(Chelsea Update would like to thank Frank Hammer and the Western Washtenaw Recycling Authority for the information in this story.)
Many people are putting in flower or vegetable plants that come from the nurseries, stores or farmers in plastic pots. So, what does Reggie recommend for all those used plastic containers?
There are two answers.
The first is to reuse them, which is an even better purpose than recycling. Some nurseries and farmers that supply the plants are willing to take back their containers for use the following year. So be sure to ask about this option, when you purchase your plants and veggie starts.
If the containers are 10 inches or larger, you can donate them to the Chelsea Area Garden Club. Look here for club members to make arrangements. Don’t live in Chelsea? Check with members of your own garden clubs in Dexter, Manchester or Stockbridge.

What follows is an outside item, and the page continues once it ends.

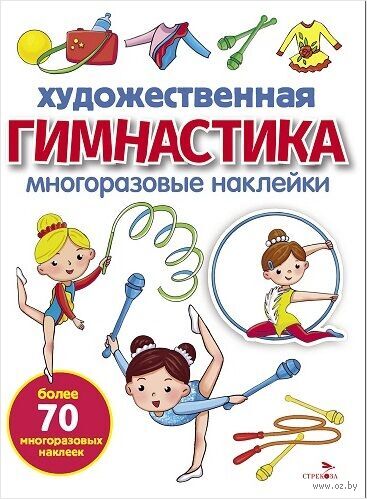 Художественная гимнастика. Многоразовые наклейки для малышей — фото, картинка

Those hanging baskets make lovely displays on the porch or patio, but seem to multiply over the winter in the back of the garage. First try either asking the nursery where you bought them if they can re-use them, or even re-plant them yourself with fresh potting soil and new bedding plants. Within a very few weeks, yours will be as lush as those you spend a lot more for at the nursery.
The second answer is to recycle the plastic containers at WWRA. Please respect the sorting machinery, and remove all soil from them first. It is helpful, sometimes, to also give a quick swish with a hose, to get rid of residue. The soil, of course, can be recycled in your own garden or compost pile.
Some people also ask about recycling garden utensils such as trowels, rakes and shovels when the handles are broken and the tips are all metal. These can be recycled and WWRA would be happy to receive them. When your favorite shovel or a rake breaks the handle, if you are handy you can purchase a new wooden handle, which can then bring the item back to life. If the handle is plastic, you probably need to recycle it.
And while you are recycling garden supplies, please remember: If it is a flexible plastic bag, like potting soil, it goes to the trash. But if it is a paper bag, like many fertilizers, then you can recycle it.
Reggie the Recycling Racoon says: For gardening containers and tools, first try to re-use or repair, then recycle if needed.